UV-Initiated Hydrosilylation on Hydrogen-Terminated Silicon (111): Rate Coefficient Increase of Two Orders of Magnitude in the Presence of Aromatic Electron Acceptors
journal contributionposted on 27.11.2012, 00:00 by Lawrence A. Huck, Jillian M. Buriak
UV-initiated (254 nm) hydrosilylation of hexadecene on Si(111)-H has been studied in the presence of various aliphatic and aromatic molecules (additives). Many of these additives cause an enhancement in the pseudo-first-order rate coefficient (kobs) of hydrosilylation, some up to 200× faster than observed in neat hexadecene.
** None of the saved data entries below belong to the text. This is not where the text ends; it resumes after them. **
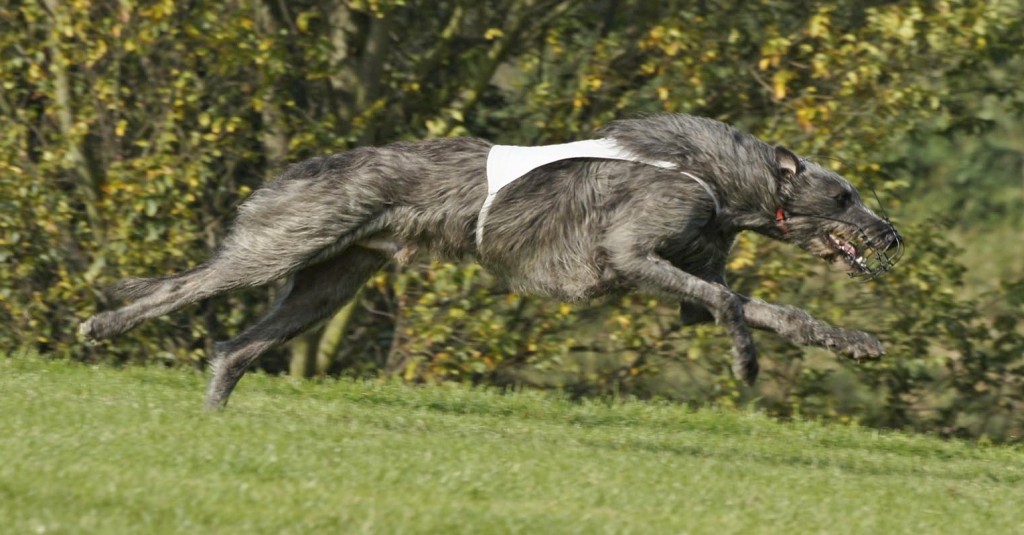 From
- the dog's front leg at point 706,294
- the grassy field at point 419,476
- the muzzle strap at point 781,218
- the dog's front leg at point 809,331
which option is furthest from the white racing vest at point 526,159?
the grassy field at point 419,476

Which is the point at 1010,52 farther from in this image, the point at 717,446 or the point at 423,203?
the point at 423,203

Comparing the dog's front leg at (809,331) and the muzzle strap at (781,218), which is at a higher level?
the muzzle strap at (781,218)

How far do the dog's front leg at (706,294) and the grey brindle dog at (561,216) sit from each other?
25 millimetres

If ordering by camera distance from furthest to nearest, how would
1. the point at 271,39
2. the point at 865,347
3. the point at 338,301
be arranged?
the point at 271,39, the point at 338,301, the point at 865,347

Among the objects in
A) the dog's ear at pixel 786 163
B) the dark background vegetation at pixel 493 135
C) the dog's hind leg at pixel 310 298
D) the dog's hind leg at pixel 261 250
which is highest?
the dog's hind leg at pixel 261 250

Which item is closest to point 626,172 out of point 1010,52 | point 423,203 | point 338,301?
point 423,203

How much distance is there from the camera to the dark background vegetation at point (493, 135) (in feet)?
38.0

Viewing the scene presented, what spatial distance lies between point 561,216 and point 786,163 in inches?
A: 45.0

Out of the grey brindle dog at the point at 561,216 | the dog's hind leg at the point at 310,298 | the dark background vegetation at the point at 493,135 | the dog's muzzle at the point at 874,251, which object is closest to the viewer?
the grey brindle dog at the point at 561,216

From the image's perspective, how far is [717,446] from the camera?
882 centimetres

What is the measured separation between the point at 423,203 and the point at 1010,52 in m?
5.61

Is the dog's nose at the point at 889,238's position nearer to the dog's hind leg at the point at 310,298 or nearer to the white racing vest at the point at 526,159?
the white racing vest at the point at 526,159

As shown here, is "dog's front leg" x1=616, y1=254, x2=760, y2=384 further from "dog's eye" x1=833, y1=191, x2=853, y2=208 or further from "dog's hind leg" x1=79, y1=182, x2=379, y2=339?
"dog's hind leg" x1=79, y1=182, x2=379, y2=339

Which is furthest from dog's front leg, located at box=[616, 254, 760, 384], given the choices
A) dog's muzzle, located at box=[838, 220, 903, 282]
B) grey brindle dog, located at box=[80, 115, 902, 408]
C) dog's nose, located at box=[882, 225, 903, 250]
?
dog's nose, located at box=[882, 225, 903, 250] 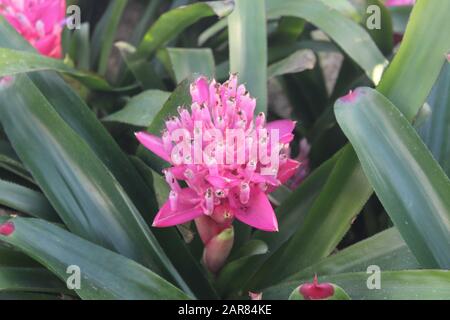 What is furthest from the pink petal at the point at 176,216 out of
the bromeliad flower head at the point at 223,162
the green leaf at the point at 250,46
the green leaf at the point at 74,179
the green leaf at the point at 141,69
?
the green leaf at the point at 141,69

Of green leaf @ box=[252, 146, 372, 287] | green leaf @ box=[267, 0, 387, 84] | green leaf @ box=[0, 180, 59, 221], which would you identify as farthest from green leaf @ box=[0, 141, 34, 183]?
green leaf @ box=[267, 0, 387, 84]

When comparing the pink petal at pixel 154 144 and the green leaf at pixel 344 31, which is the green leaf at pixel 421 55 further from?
the pink petal at pixel 154 144

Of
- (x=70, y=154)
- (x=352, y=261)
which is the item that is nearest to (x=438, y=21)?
(x=352, y=261)

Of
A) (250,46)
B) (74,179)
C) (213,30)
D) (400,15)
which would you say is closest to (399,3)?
(400,15)

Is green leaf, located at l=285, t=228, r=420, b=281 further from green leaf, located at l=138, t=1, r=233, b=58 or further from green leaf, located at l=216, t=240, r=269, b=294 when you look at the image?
green leaf, located at l=138, t=1, r=233, b=58

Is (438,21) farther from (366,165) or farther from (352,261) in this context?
(352,261) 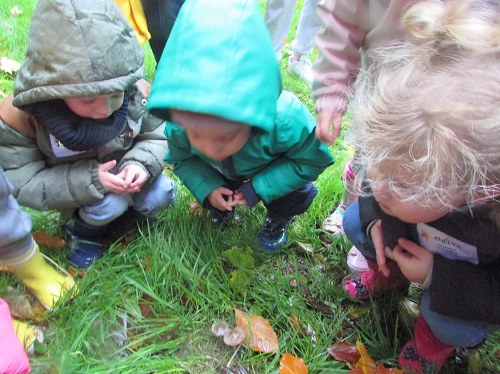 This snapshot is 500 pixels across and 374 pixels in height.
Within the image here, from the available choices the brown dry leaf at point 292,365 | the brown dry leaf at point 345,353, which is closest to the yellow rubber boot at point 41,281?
the brown dry leaf at point 292,365

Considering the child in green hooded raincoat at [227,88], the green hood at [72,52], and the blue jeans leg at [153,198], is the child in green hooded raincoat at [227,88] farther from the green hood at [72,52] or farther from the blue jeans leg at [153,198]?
the blue jeans leg at [153,198]

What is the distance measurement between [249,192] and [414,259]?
666 millimetres

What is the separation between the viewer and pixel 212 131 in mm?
1250

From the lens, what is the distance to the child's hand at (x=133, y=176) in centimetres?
166

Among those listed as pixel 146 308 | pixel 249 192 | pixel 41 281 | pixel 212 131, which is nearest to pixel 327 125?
pixel 212 131

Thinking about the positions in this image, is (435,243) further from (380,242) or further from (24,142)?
(24,142)

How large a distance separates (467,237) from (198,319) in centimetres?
92

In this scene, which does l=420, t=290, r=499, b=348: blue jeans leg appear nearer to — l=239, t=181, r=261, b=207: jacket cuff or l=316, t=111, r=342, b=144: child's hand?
l=316, t=111, r=342, b=144: child's hand

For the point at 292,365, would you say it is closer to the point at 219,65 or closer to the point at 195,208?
the point at 195,208

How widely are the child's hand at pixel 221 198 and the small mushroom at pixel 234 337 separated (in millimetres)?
465

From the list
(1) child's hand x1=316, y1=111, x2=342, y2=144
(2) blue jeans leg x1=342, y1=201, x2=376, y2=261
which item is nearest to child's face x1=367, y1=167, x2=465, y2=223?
(1) child's hand x1=316, y1=111, x2=342, y2=144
It is proposed that these additives capture the photoejected electron from the surface, thereby increasing the probability of reaction of the alkene with the surface hole (h+), leading to Si–C bond formation. While the ability of these additives to increase kobs is related to their reduction potential, aromatic additives are particularly efficient; we suspect this is due to the relatively strong physisorption of the aromatic molecules leading to a favorable geometry for electron transfer. The presence of these additives permits the use of a much lower intensity of UV light (∼30 μW/cm2), reducing the probability of photodegradation of the monolayer, and maximum coverage can be reached within minutes.